Hours after Barack Obama stood in Belfast last week praising efforts to bring down the city’s 40-foot barricades, a few hundred yards away Jim Callaghan was stamping out a gasoline bomb tossed near his home in western Europe’s last divided city.
“I heard the thud and saw the flames,” said Callaghan, a 49-year-old Catholic from east Belfast, whose house in the Short Strand estate looks out onto a concrete and steel structure known as a peace line. “My granddaughter was playing outside. She was in hysterics. She stank of petrol.”
U.S. President Obama and British Prime Minister David Cameron said Northern Ireland’s hosting of the Group of Eight summit on June 17-18 showed how far the region has come since a 1998 agreement largely ended decades of conflict that claimed 3,500 lives. For people like Callaghan living in communities such as the Short Strand, little has changed.
Cameron pledged this month to provide extra aid to Northern Ireland to help get rid of more than 80 structures that divide Belfast’s Protestant and Catholic areas and remain the most vivid legacy of the conflict. Cameron wants to bolster a peace process being tested by an economic decline and the efforts of dissident republicans to restart violence.
“People don’t know what it’s like to live without walls,” said Jonny Byrne, a lecturer in criminology at the University of Ulster. “People have lost lives. The walls have protected families. Nothing is impossible, but the vision of what it would look like without the walls needs to be spelt out.”
On the other side of the wall from Callaghan is Kerry Irvine, a 31-year-old Protestant mother-of-one from the Protestant Cluan Place. She has a message for Obama and Cameron: “You don’t live here and you don’t know what it’s like.”
“They should make them higher,” said Irvine, who has a “Proud to be British” poster on her living room window and the Union Jack flag flying from her house. “I’d move if they brought them down. Just the other day I was putting the bin out and a petrol bomb landed at my feet.”
Northern Ireland’s conflict, known locally as the Troubles, stretched from 1969 until the mid-1990s and was fought over whether the region should remain part of the U.K. or unite with the Republic of Ireland. Catholics mainly supported unification, with most Protestants preferring to remain part of Britain.
The British army built the first peace line in the early 1970s as sectarian killings increased amid escalating violence.
While bombings, kneecappings and shootings largely ended in 1998 with the Good Friday Agreement, tensions between the two communities persist. In the 12-month period ended March 2012, 1,344 sectarian incidents took place, according to the Police Service of Northern Ireland.
As well as keep the two sides apart, the walls have become a tourist attraction, along with the murals of the conflict dotted around the city.
“The murals and the peace lines are the most popular requests from tourists in Belfast,” said Benn Allen, manager of Allen’s Tours in the city. “The peace lines describe everything they’ve seen on the news for the past 40 years about Belfast. Say Belfast to them and they think bombs and trouble.”

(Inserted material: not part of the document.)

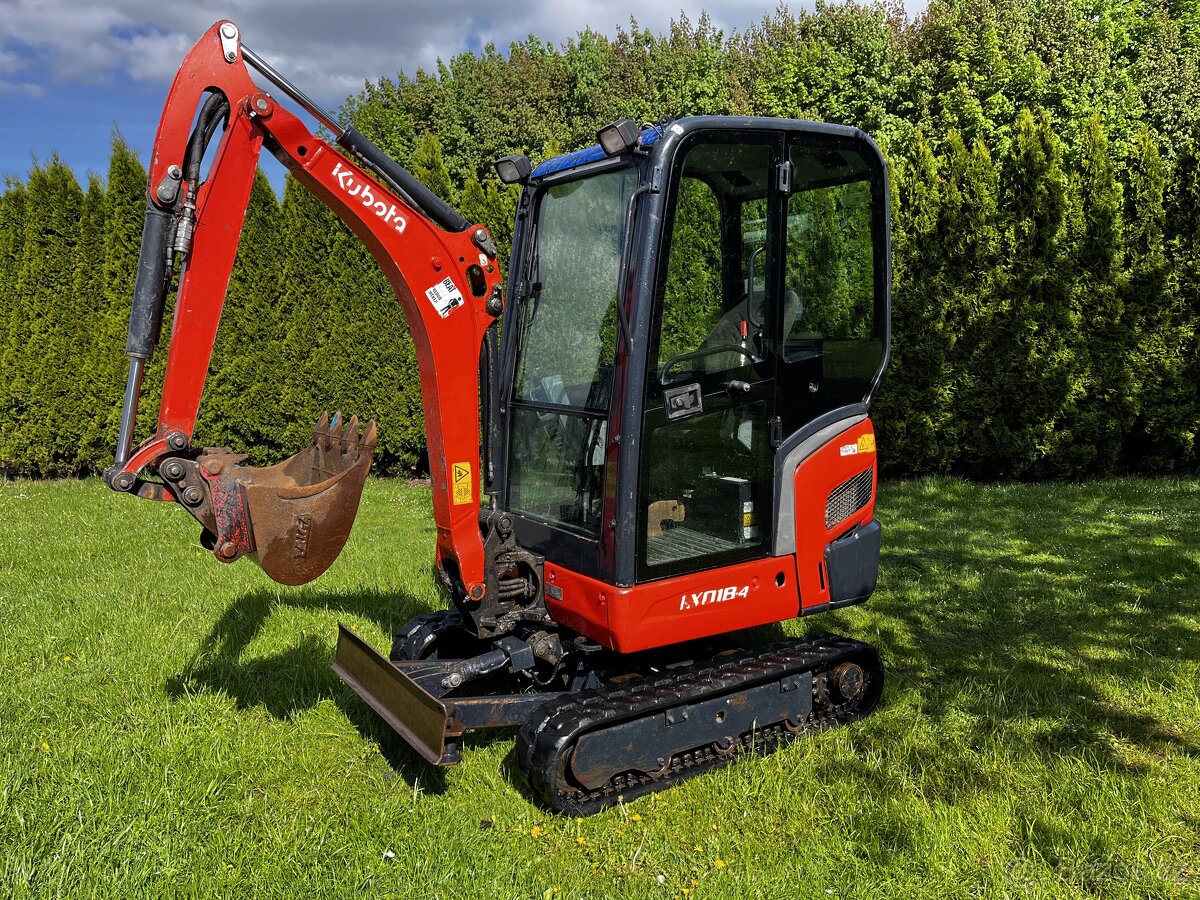 Minibagr Kubota KX018-4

Last month Peter Robinson and Martin McGuinness, leaders of Northern Ireland’s executive, which was revived in 2007 as part of efforts to unite politicians behind the peace process, said they wanted the peace walls torn down within the next 10 years.
Removing them might help the province’s image as it seeks investment. The economy has never fully recovered from conflict or industrial decline that resulted in the closure in 2000 of shipyards, where the Titanic Liner was built.

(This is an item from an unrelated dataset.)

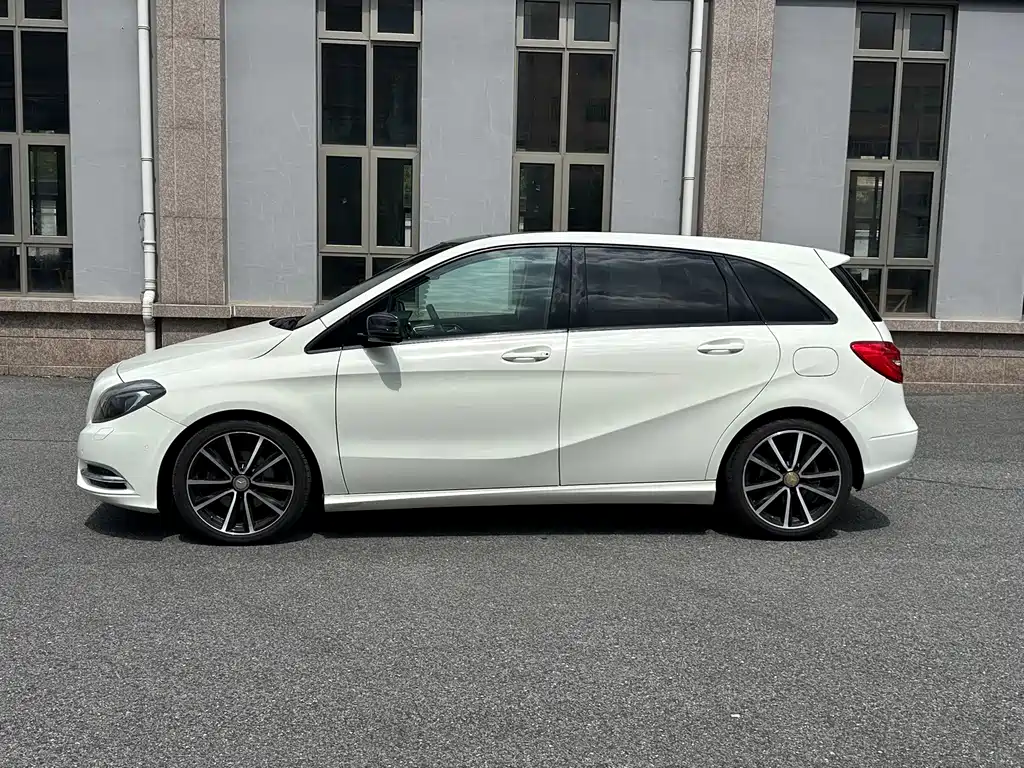 Mercedes-Benz B-Class — миниатюра 7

In his Belfast speech, Obama said June 17 that the region’s peace process gave hope to conflict zones across the world. He praised the efforts of Sylvia Gordon, a community worker in Belfast, and her colleagues, who helped open up a peace line in a north Belfast park.
“They knew it was going to be hard, but they tried anyway,” Obama said. “And together they all decided to build a gate to open that wall and now people can walk freely through the park.”
Elsewhere in the city, divisions remain. Murals venerating dead fighters adorn walls in Short Strand, a community of about 1,200 people, while the Irish national flag hangs from lampposts and shops using Gaelic, the Irish language, in their signs.
In Cluan Place, where Irvine lives, almost every house has a Union Jack flying outside and posters declaring they are “Proud to be British” on their front windows. At the edge of the street, stockpiles of wooden pallets are stacked in preparation for a bonfire on July 11 to celebrate a 17th-century victory over Catholics.
“I don’t think things will ever change,” Irvine said. “It’s the way it has been for years. I don’t want the walls to come down, I’d be afraid.”
Jim Callaghan, her Catholic neighbor on the other side of the wall, also is pessimistic about the future.
“There’ll be more trouble here over the summer with the marching season,” said Callaghan, adding that it’s lucky his granddaughter survived last week’s petrol bomb attack.
“If the wind had been blowing the other way, she would have been set on fire,” said Callaghan, pointing to the scorch-mark left by the bomb when it landed outside his living room window. “If Cameron is so keen on taking the peace lines down, why doesn’t he come and live here, or why doesn’t he take down his own gates outside Downing Street?”